Plaats op de openbare weg

Voor een volledig (en erg langdradig) overzicht voor alle fietsers, zie wegcode.be. Hieronder vatten we samen wat je moet weten met betrekking tot specifiek de speed pedelec.

  • Algemene regels (exclusief uitzonderingen via onderbord):
    • Speed pedelecs worden toegelaten tot delen van de openbare weg aangeduid met borden D7 en D9
    • D10 fietspaden (cirkelvormig blauw bord met daarop fiets én voetganger boven elkaar) zijn verboden.
    • Tot 50km/u heb je vrije keuze tussen fietspad en rijbaan
    • Vanaf 50km/u moet je op het fietspad fietsen, tenzij dit fietspad verboden is, dan mag je op de rijbaan fietsen.
    • In fietsstraten mag je je gedragen als elke andere fiets.
    • Verbodsborden primeren boven fietsstraat borden.
  • De regels lijken op deze van bromfiets klasse B, maar zijn niet hetzelfde. Zo heeft het bromfietsicoon met vermelding ‘B’ geen enkele betekenis voor de speed pedelec.
  • Een specifiek verkeersbord met symbool van een bromfiets met de letter P geeft uitzonderingen aan (verplichting, verbod, toelating). Zie pagina verkeersborden.
  • Binnen de bebouwde kom mogen twee speed pedelecs naast mekaar rijden. (Artikel 43.2 KB 01.12.1075)
  • Buiten de bebouwde kom moeten wagens 1.5m zijdelingse afstand houden voor het inhalen van een speed pedelec. (binnen de bebouwde kom 1m)
  • Speed pedelecs hebben toegang tot schoolstraten.
  • Speed pedelecs hebben toegang tot trage wegen, tenzij anders vermeld aan die wegen.
  • B22 en B23 gelden ook voor speed pedelecs: toelating rechtdoor te rijden of rechtsaf te slaan bij rood licht, mits veilig mogelijk

Passagiers

  • Het is verboden kinderen jonger dan 3 jaar te vervoeren
  • Kinderen tussen 3 en 8 jaar kunnen vervoerd worden, mits installatie en gebruik van een geschikt beveiligingssysteem. (maximum één passagier en indien toegelaten volgens COC)
  • Het is de speed pedelec verboden personen te vervoeren in een aanhangwagen. (Art. 16§2Bis – KB 10.10.1974)

Aanhangwagen

Op het vlak van aanhangwagens (AHW) wordt een speed pedelec beschouwd als bromfiets. Een aanhangwagen is elk voertuig dat bestemd is om door een ander te worden voortbewogen.

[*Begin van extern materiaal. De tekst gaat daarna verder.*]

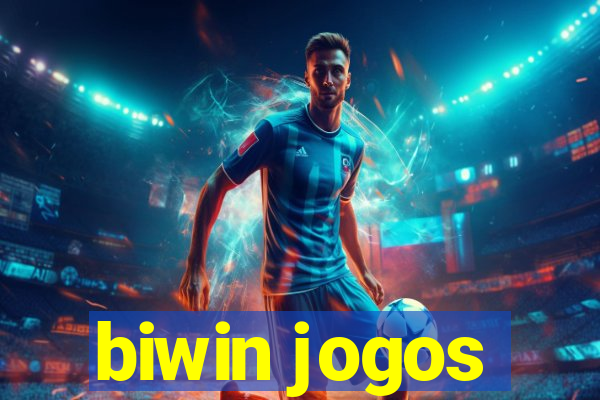 biwin jogos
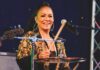 Sheila E. reflects on success, faith and a lifetime in music Sheila E. reflects on success, faith and a lifetime in music
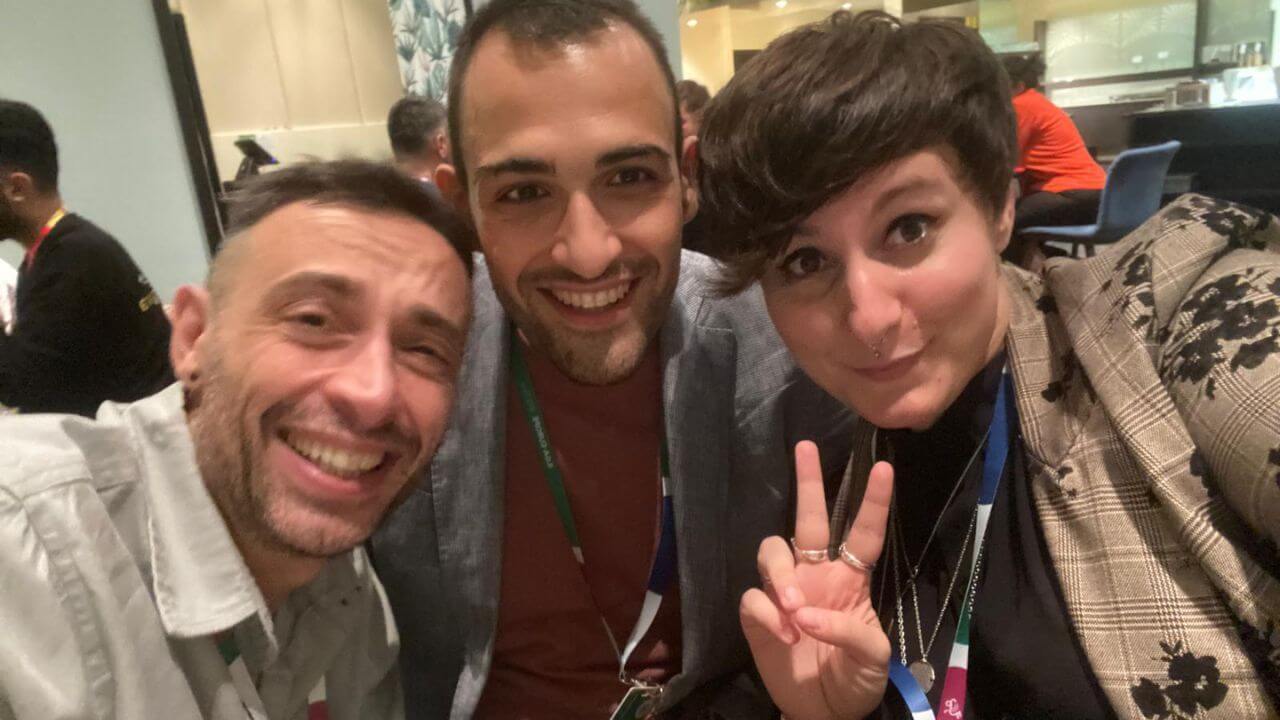 ILGA Europe e ILGA World, tre italianə eletti in ruoli chiave: di cosa si occuperanno Yuri Guaiana, Angelica Polmonari e Rosario Coco? 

  • Bevestiging van een aanhangwagen aan een bromfiets brengt geen wijziging in de classificatie van dit voertuig.
  • De aanhangwagen moet overeenstemmen met het technisch reglement van de bromfietsen en motorfietsen.
    • AHW moet achteraan uitgerust zijn met twee rode reflectoren (minimumhoogte 40 cm) (Art. 13.6Bis – KB 10.10.1974)
    • AHW moet achteraan uitgerust zijn met de voor SP voorziene lichten (stand, rem, …), indien de buitenafmeting van de AHW de lichten onzichtbaar maakt. (Art. 13.6Bis – KB 10.10.1974)
    • Maximum breedte van de AHW is 0,75 m. (Art 15a) – KB 10.10.1974)
    • AHW moet voorzien zijn van een reproductie van de kentekenplaat zoals bij auto’s (Art. 30 – KB 20.07.2001)
    • Een AHW moet niet worden ingeschreven indien de toelaatbare maximummassa niet meer bedraagt dan 750kg.
  • Fietskarren (officieel fietsaanhangwagens) zijn niet noodzakelijk ontworpen om aan dit technisch reglement te voldoen. De veel voorkomende Croozers en Thule fietskarren zijn alvast ontworpen om achter fietsen te hangen. Ze mogen dus niet aan een speed pedelec bevestigd worden. Ook niet als ze bedoeld zijn voor het vervoer van huisdieren.
  • De askoppeling mag niet worden gemonteerd aan fietsen met elektrische achterwielaandrijving, tenzij de fabrikant dit toestaat. Men kan dus stellen dat je best als regel neemt dat een speed pedelec geen fietskar mag voorttrekken en al naargelang de fabrikant, geen aanhangwagen in het algemeen. Als een aanhangwagen is bevestigd aan je speed pedelec, mag je niet langer op gelijke snelheid naast een andere speed pedelec of rijwiel rijden.